■ STORED DATA ■
╔══

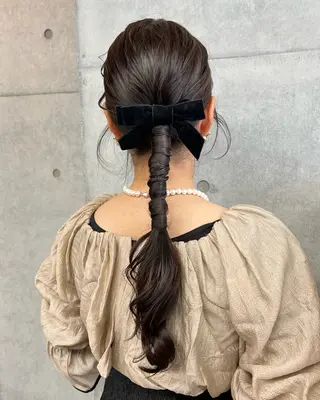ロング ヘアアレンジ 佐藤カコ🎀艶髪/ アレンジ/レイヤーのヘアスタイル
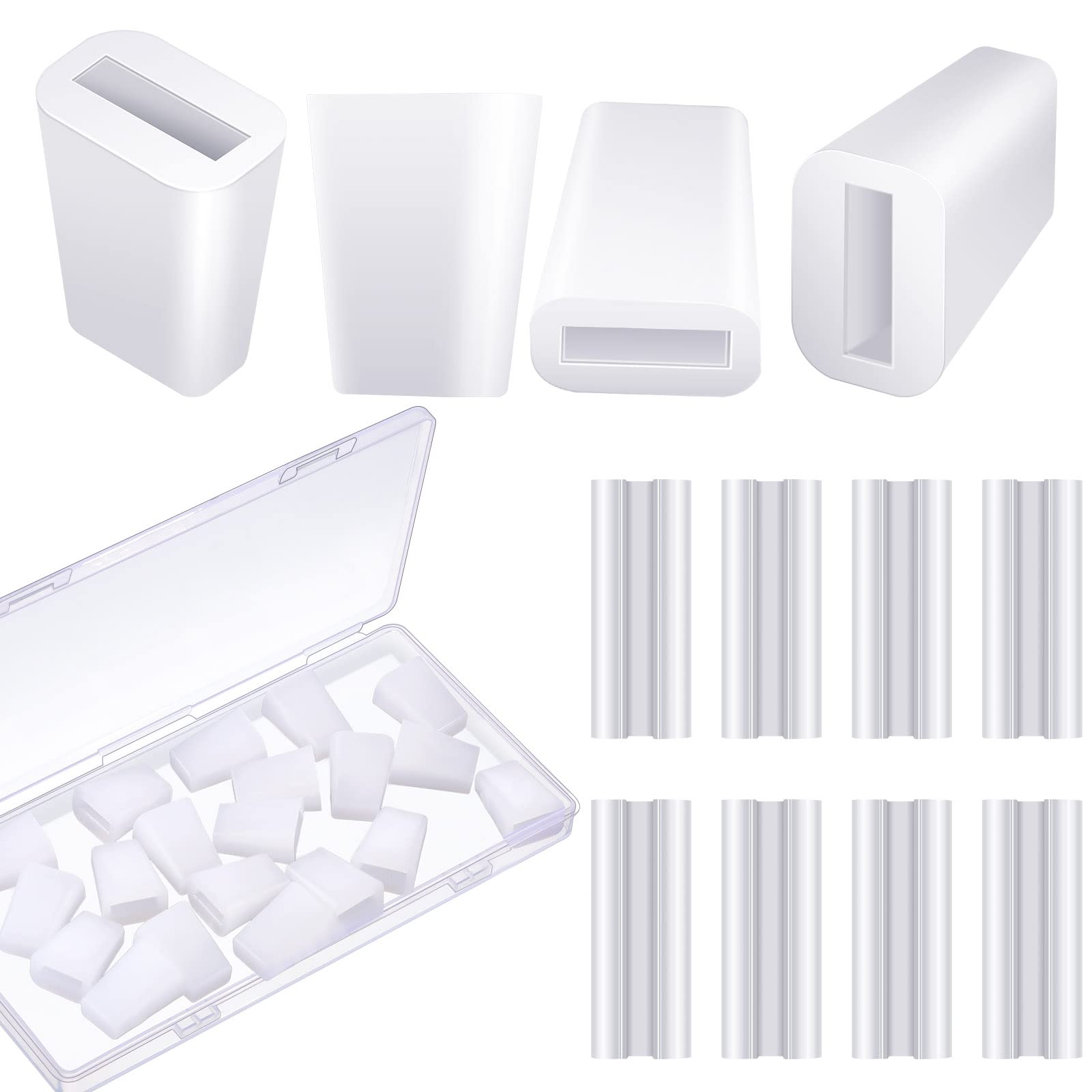Photo 1 of Romooa 40 Pieces Hard Rubber Feet for Sink Grid Sink Protecter Rubber Grid Kitchen Wire Protective Rack Feet Grate Wire Bumper Replacement Protector Parts for Kitchen Rack(White)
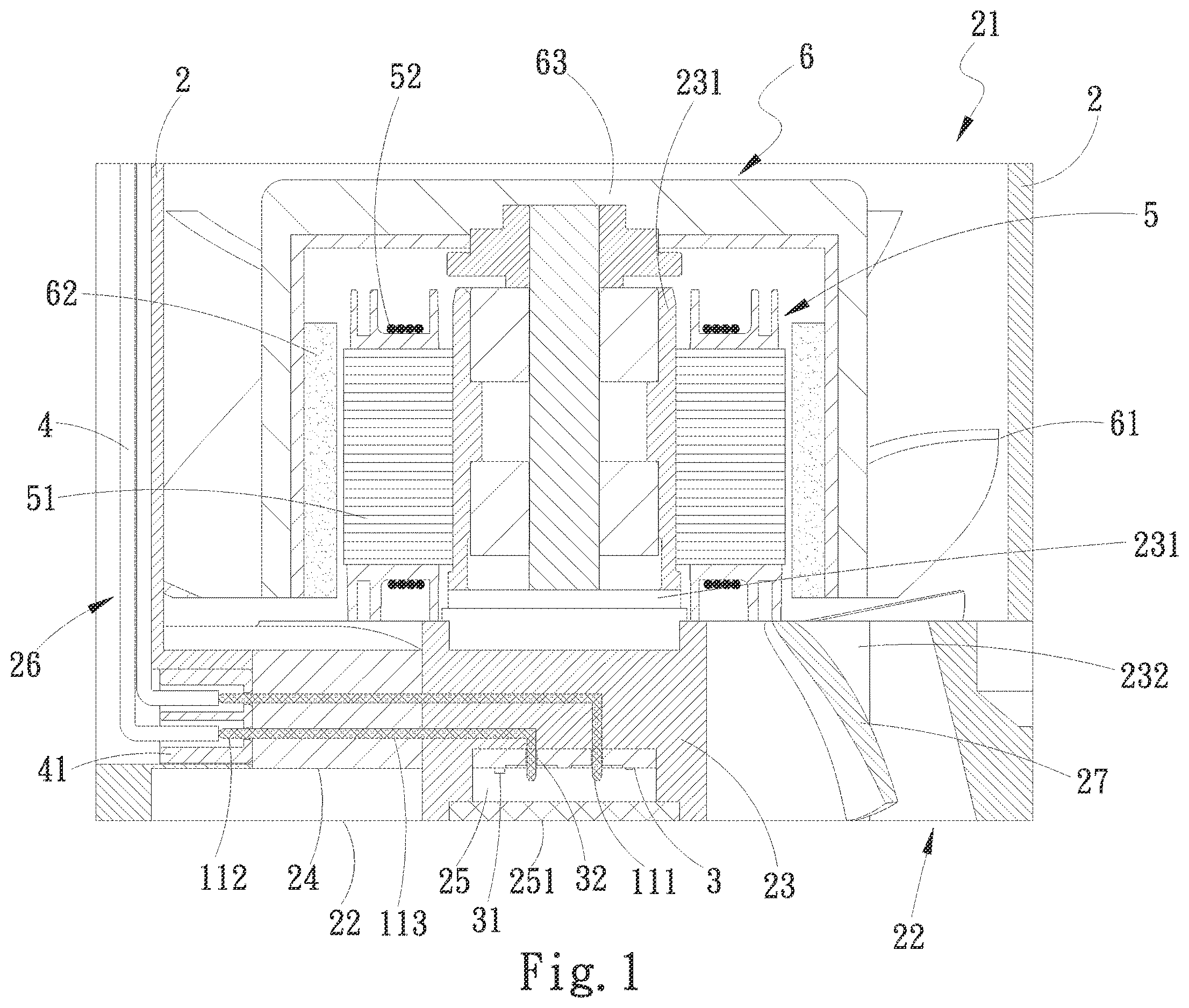 Patent US12612919 Figure 1 – Fan frame electrical connection structure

╚══

■ THE PROBLEM ■
Give every line above again exactly, omitting whatever pictures appear.

■ PROBLEM SOLUTION ■
ロング ヘアアレンジ 佐藤カコ🎀艶髪/ アレンジ/レイヤーのヘアスタイル
Photo 1 of Romooa 40 Pieces Hard Rubber Feet for Sink Grid Sink Protecter Rubber Grid Kitchen Wire Protective Rack Feet Grate Wire Bumper Replacement Protector Parts for Kitchen Rack(White)
 Patent US12612919 Figure 1 – Fan frame electrical connection structure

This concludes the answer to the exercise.